Generally if an AWS server drops out you are left in the valley of darkness with no hope. You can right click on the instance setting, then screen view to see if there is any life in the server and what it might be doing if anything. When a server is gone most people drop the AWS server and restore it from backup. Our backups are usually 15 minutes behind real time, so data loss is minimal. Sometimes restoring is not always a viable option. In cases of these re-boot loops; old backups that are restored might also begin looping when restored to to EC2 depending on the state the patch was in at backup, or other issues come about. Here is one way to deal with re-booting nasty EC2 boxes. Build a rescue server, we keep one pre-built with rescue software and instruction on the desktop, but turned off so as to not pay for something that is rarely used. Here are the steps to recover an EC2 instance.

Instructions to Exit EC2 Boot Loop

  • We create an EC2 instance usually 2019, with 30GB hard drive. T3.large as our rebuild server. Do not place it in the domain.
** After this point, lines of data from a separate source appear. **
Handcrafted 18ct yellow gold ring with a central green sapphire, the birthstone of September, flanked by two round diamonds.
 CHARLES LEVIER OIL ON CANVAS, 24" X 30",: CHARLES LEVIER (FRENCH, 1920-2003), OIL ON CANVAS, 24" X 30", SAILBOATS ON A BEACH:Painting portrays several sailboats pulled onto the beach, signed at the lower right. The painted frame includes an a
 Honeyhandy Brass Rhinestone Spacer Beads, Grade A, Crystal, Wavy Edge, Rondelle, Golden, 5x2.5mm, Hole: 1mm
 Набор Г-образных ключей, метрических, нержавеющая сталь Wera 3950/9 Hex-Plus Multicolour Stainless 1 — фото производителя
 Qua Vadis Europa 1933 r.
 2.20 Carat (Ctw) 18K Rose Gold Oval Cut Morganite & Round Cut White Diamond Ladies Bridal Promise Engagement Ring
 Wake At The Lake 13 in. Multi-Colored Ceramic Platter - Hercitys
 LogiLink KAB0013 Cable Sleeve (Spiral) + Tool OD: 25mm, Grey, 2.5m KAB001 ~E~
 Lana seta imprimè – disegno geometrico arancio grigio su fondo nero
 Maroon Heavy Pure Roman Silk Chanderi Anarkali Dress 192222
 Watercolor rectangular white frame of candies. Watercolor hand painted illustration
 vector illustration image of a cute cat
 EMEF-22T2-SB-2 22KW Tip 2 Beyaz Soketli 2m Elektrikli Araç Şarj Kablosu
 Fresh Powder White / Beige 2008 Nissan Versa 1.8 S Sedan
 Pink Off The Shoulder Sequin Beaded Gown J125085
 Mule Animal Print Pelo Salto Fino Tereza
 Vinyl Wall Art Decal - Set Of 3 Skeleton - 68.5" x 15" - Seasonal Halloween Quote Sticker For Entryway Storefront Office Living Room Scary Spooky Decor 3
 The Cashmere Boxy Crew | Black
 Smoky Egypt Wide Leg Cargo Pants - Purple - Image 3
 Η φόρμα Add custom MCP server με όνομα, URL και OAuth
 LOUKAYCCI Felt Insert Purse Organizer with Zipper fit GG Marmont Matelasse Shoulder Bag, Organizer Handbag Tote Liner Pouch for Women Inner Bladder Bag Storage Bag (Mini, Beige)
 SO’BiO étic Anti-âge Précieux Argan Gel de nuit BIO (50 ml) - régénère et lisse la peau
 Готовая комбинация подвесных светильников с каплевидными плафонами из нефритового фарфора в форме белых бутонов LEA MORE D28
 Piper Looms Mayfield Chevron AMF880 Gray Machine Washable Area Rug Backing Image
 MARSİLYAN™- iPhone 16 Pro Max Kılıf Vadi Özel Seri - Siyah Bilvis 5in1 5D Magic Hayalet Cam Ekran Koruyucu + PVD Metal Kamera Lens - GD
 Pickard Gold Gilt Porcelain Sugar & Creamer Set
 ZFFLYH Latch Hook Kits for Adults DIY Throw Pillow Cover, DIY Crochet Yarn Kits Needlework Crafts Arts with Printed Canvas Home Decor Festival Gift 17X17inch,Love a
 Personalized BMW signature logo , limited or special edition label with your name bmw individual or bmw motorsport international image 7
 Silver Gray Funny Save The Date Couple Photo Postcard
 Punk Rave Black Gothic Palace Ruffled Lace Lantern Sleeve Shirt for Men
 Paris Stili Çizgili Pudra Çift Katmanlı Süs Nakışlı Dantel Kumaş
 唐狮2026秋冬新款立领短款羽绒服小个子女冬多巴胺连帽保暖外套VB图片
Domain security will be a fight if the server is offline too long.
  • Detached “C” drive ( /dev/sda1 ), from the ailing server then attached it to rescue instance.
  • In computer manager -> Disk admin, set the bad drive online and note drive letter it gets assigned.
  • Open a command prompt and go to drive letter
  • Type – bcdedit /set {bootmgr} displaybootmenu yes– (Response – said command successful)
  • Detach the drive from rescue server, reattach drive to original server with location being /dev/sda1. This makes it the root drive again.

Start instance- We have had good luck with this, when experiencing this issue.

Pro Tip: If this does not fix your issue. Try the AWS rescue trick again. This time download the AWS rescue utilities and follow the directions. The first trick we try at this point is the AWS – restore utility. Running that sets the server to last known good. then run the bcdedit command again. Transfer the drive back to the production server, and give it a try, it might be the trick. After this point the recovery work really begins. One other tip: If you have a separate AWS account available make an AMI from your server if you can. Share the AMI(modify image permission) to the other account and launch it as an instance. This way you can leave your current server intact as you find the solution. This might matter to someone, in a forensics investigation should more information be needed regarding the servers untimely demise.

There is also a rescue package to download that fixes some stuff automatically. We wish we could guarantee good results in all cases, but this I.T. There is only one guarantee in this industry “The fix is somewhere just past plan “Z””

Boot Loop Microsoft Azure: If you are struggling with this problem on Microsoft Azure follow this link, it may be helpful. So far, we have not repaired any Azure servers, but it does not appear to be great there either, based on our reading.

Microsoft products stink: MAC, Linux, Microsoft, are challenging. There is no out of the box; as computers are customized. We write custom software we place it on a million hardware combinations and expect it to be flawless. Then there are billions of little bots trying to find ways in to the computers. Keeping it all working is a real challenge for every computer manufacture. Linux and MAC are no longer obscure enough to be an exception to this rule.

As persons customizing business to be in a sweet niche is hard work, and expensive. We help with buying the best hardware / software solutions money can buy. We minimize downtime and to engineer solutions to make you the top performer in your playing field.

Though we like to hate on Microsoft every time a customer experiences an outage, and or we lose our holidays, nights, and weekends, we can’t even imagine what Microsoft has to do just to keep our operating systems viable, and make it so we have PC’s to come back to the next morning. The only secure operating system has never seen a computer. It is still in its creators mind.